Decision: If it’s not running but you have multiple portals, you may get duplicate devices or flapping paths; fix multipath before putting LVM on it.
Task 16: Inspect multipath mapping
cr0x@server:~$ multipath -ll
mpatha (36001405f2a3b4c5d6e7f890123456789) dm-3 LIO-ORG,lun01
size=100G features='1 queue_if_no_path' hwhandler='0' wp=rw
|-+- policy='service-time 0' prio=1 status=active
| `- 12:0:0:0 sdc 8:32 active ready running
`-+- policy='service-time 0' prio=1 status=enabled
`- 13:0:0:0 sdd 8:48 active ready running
Meaning: You have a single multipath device (/dev/mapper/mpatha) backed by two paths. That’s what you want.

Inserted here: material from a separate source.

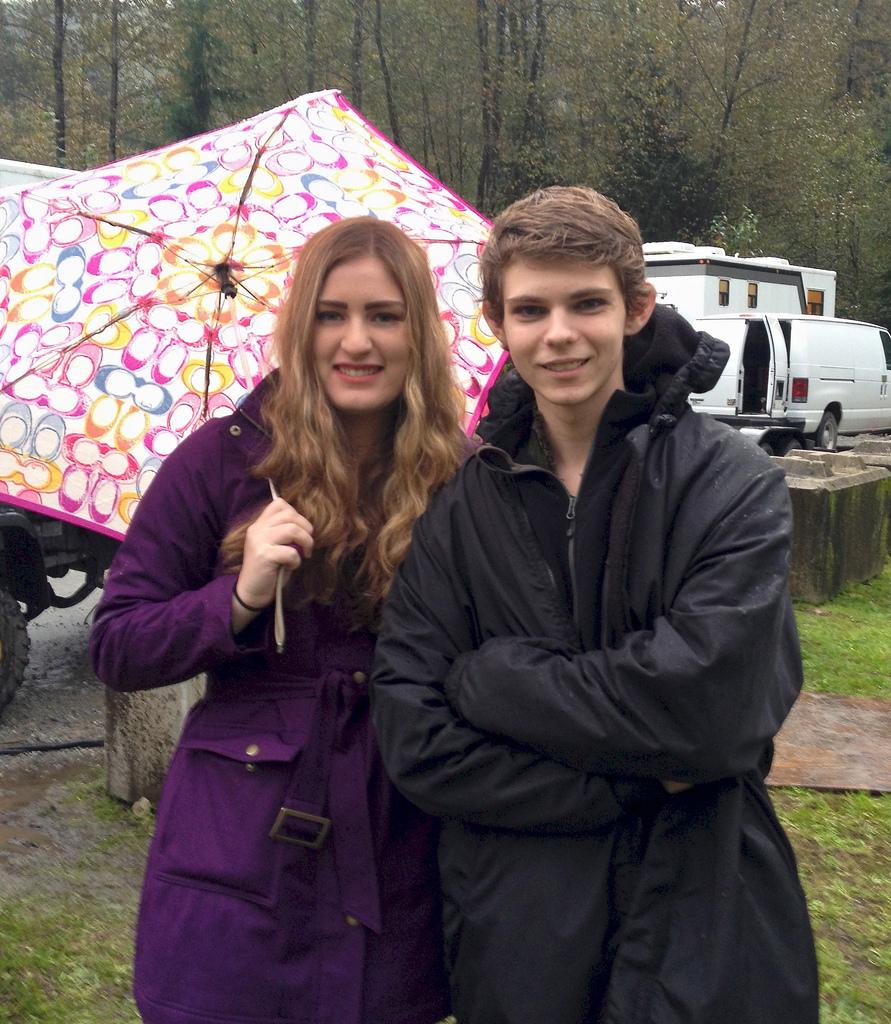 891x1024 Robbie Kay Upon A Time Peter Pan(Robbie Kay) Photo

Decision: Use the multipath device for LVM/LVM-thin; avoid using /dev/sdc directly or you’ll create a choose-your-own-adventure failure later.

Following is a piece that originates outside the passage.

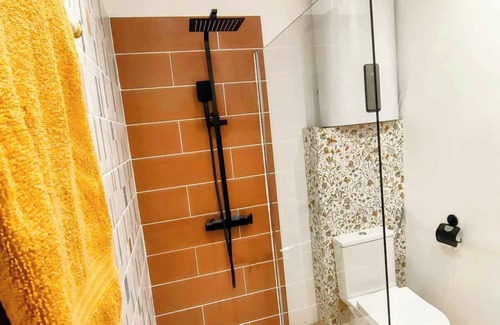 Beaufort Bed & Breakfast | Bed and breakfast : La clef des champs at La Source de nos Racines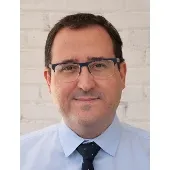 Augusto Villanueva Rodriguez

Task 17: Check for duplicate SCSI devices when multipath is not configured
cr0x@server:~$ ls -l /dev/disk/by-path/ | egrep 'iscsi|ip-10.10.20'
lrwxrwxrwx 1 root root 9 Dec 26 10:19 ip-10.10.20.50:3260-iscsi-iqn.2023-10.lab:truenas.target01-lun-0 -> ../../sdc
lrwxrwxrwx 1 root root 9 Dec 26 10:19 ip-10.10.20.51:3260-iscsi-iqn.2023-10.lab:truenas.target01-lun-0 -> ../../sdd
Meaning: Two portals, two /dev/sdX devices. Without multipath, that’s two independent disks from Linux’s perspective, even if they’re the same LUN.
Decision: Enable and configure multipath before building LVM or filesystems, or you’ll eventually corrupt something with enthusiasm.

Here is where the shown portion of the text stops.